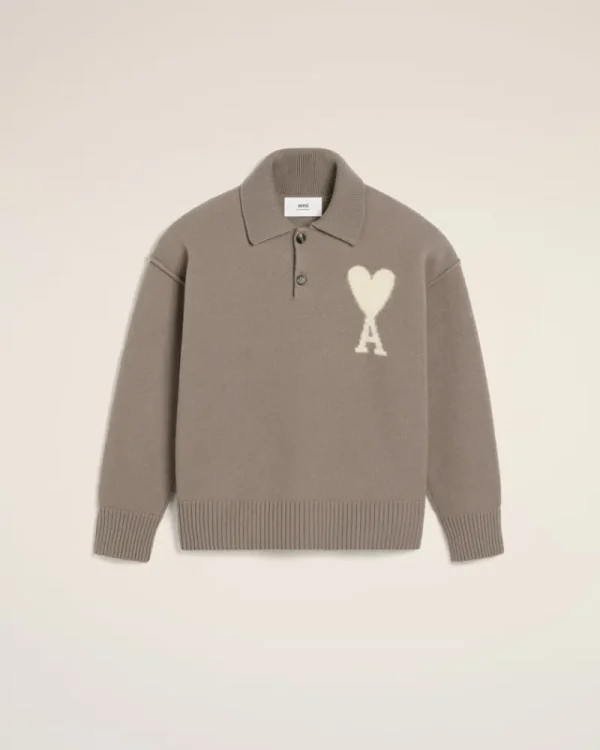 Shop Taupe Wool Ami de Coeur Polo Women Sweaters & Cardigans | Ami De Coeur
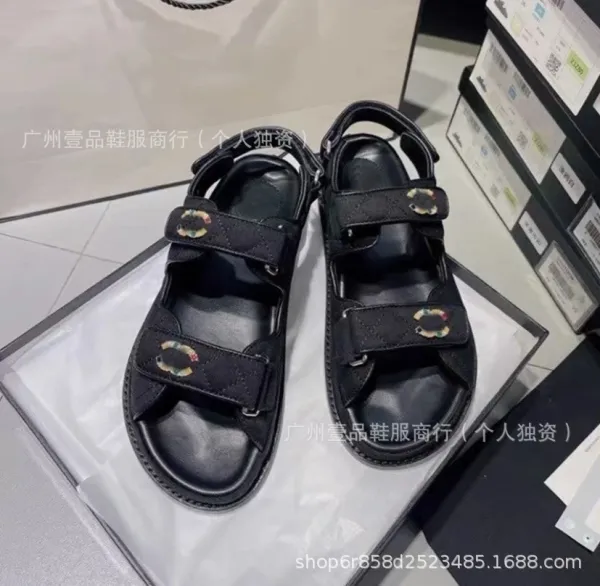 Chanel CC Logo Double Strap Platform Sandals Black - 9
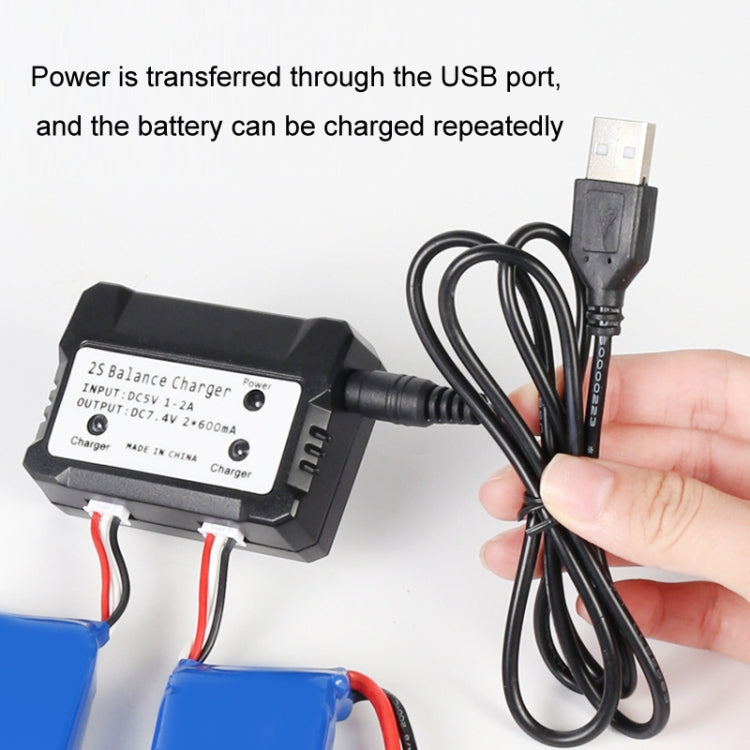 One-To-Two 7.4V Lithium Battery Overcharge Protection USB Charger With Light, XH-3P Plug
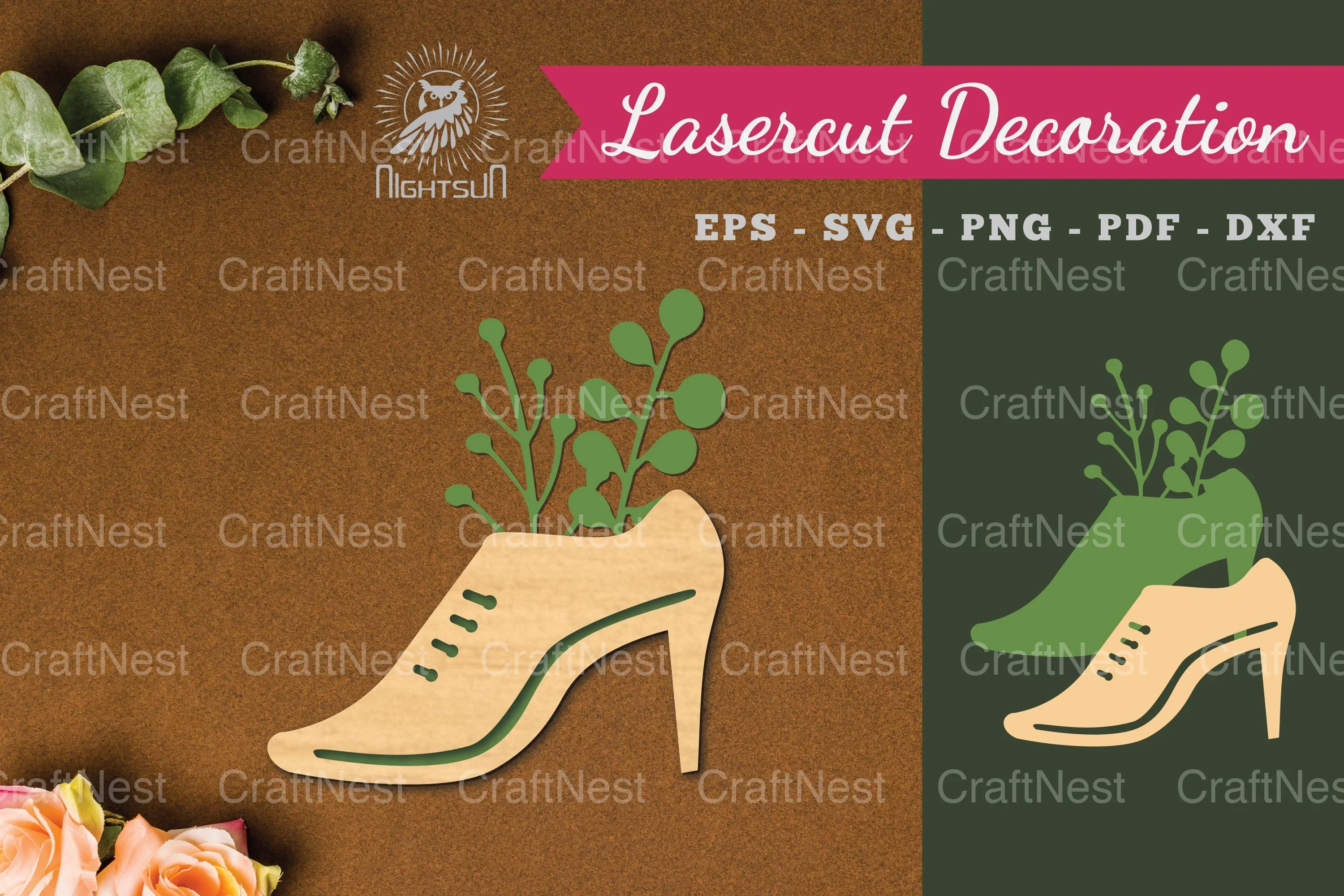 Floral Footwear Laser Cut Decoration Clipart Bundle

•••

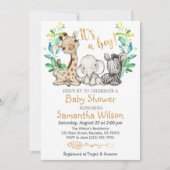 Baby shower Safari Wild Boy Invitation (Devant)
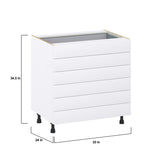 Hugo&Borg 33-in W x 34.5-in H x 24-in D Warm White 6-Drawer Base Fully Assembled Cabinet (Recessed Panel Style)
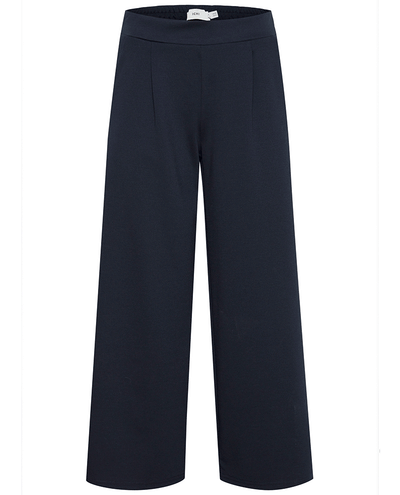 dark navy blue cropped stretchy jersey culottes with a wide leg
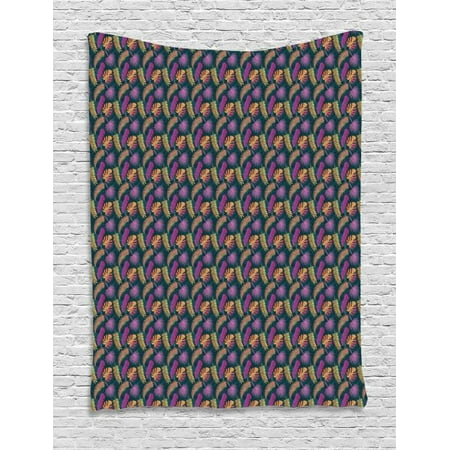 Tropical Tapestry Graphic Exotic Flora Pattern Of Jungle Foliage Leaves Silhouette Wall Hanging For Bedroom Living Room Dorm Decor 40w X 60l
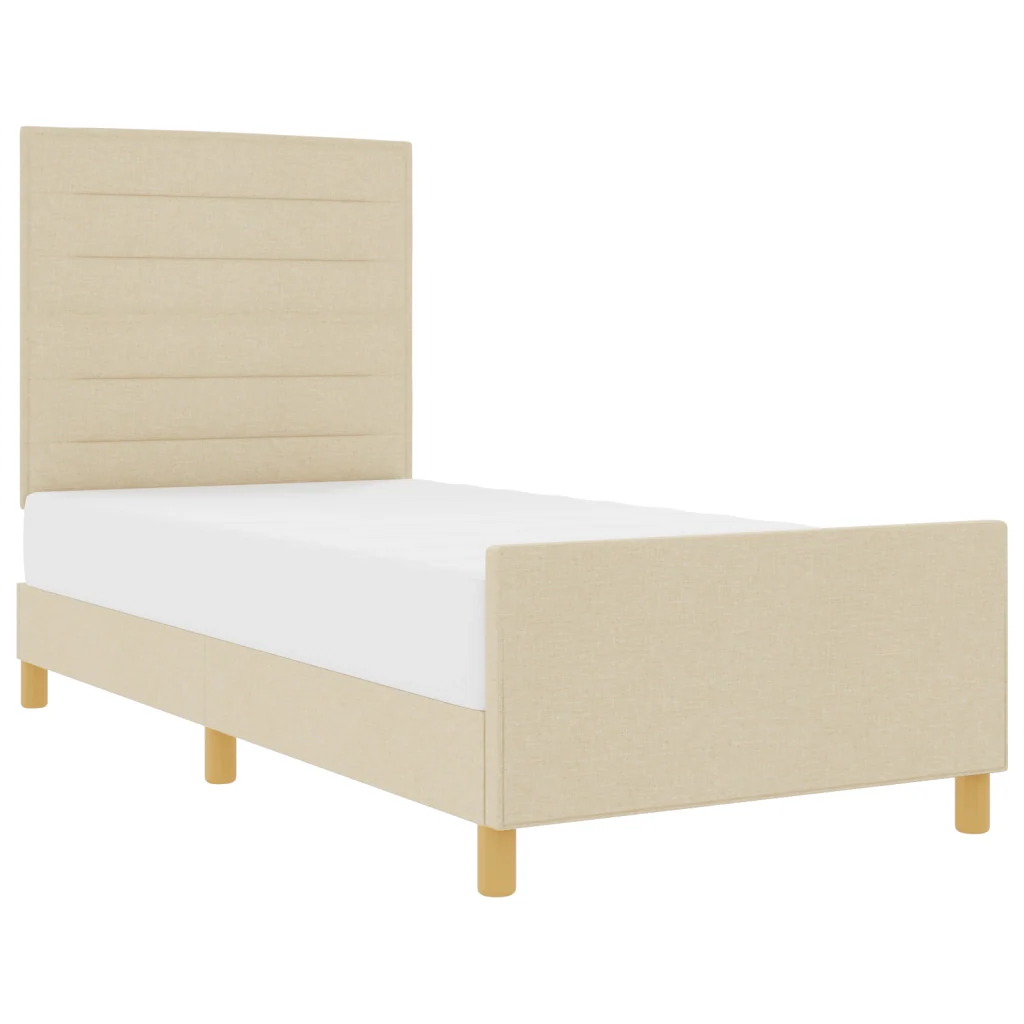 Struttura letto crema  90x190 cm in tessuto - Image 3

•••

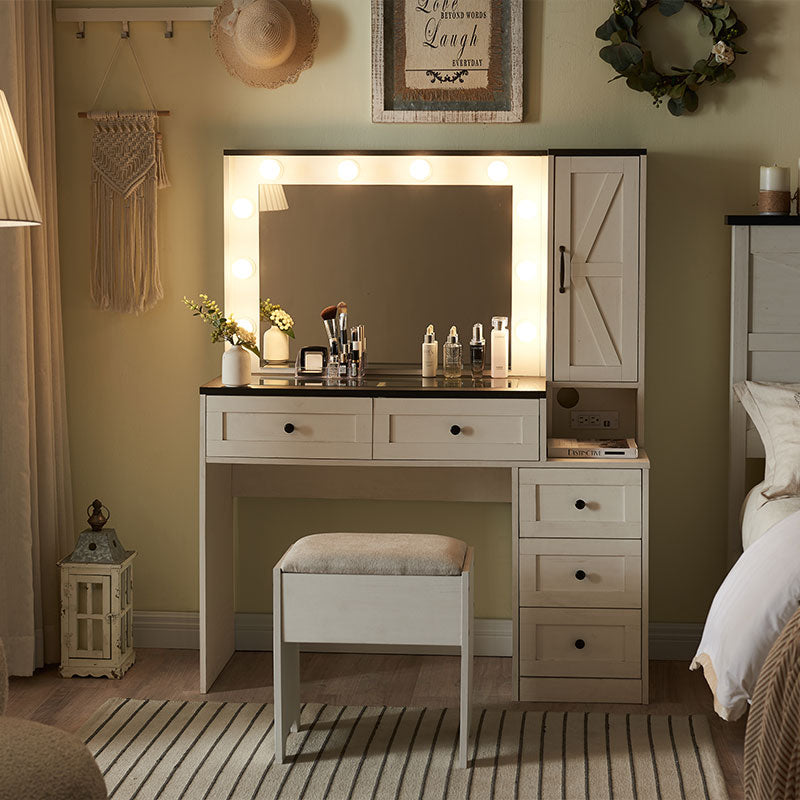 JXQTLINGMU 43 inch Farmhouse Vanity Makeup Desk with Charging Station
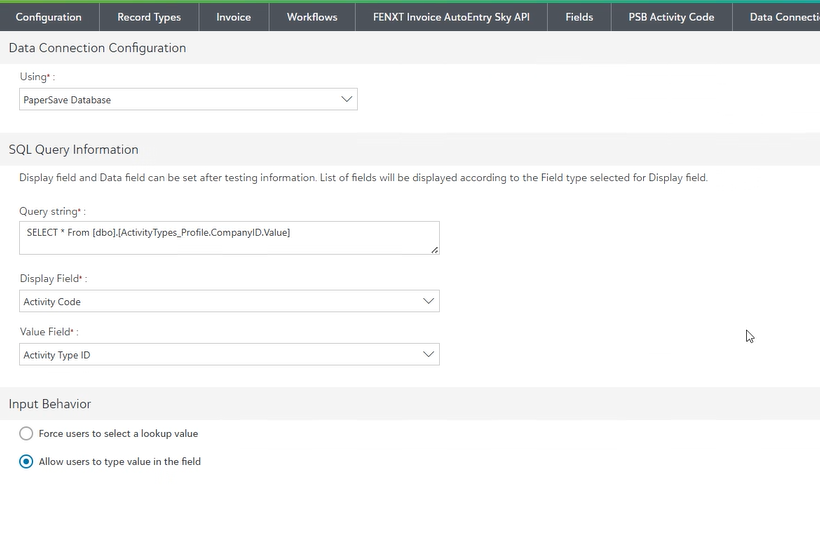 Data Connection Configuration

•••

PROBLEM: After locating "Shop Taupe Wool" and "Floral Footwear Laser" in the records above, return exactly the line holding each one and every line between them; leave out the pictures.

TASK RESULT:
 Shop Taupe Wool Ami de Coeur Polo Women Sweaters & Cardigans | Ami De Coeur
 Chanel CC Logo Double Strap Platform Sandals Black - 9
 One-To-Two 7.4V Lithium Battery Overcharge Protection USB Charger With Light, XH-3P Plug
 Floral Footwear Laser Cut Decoration Clipart Bundle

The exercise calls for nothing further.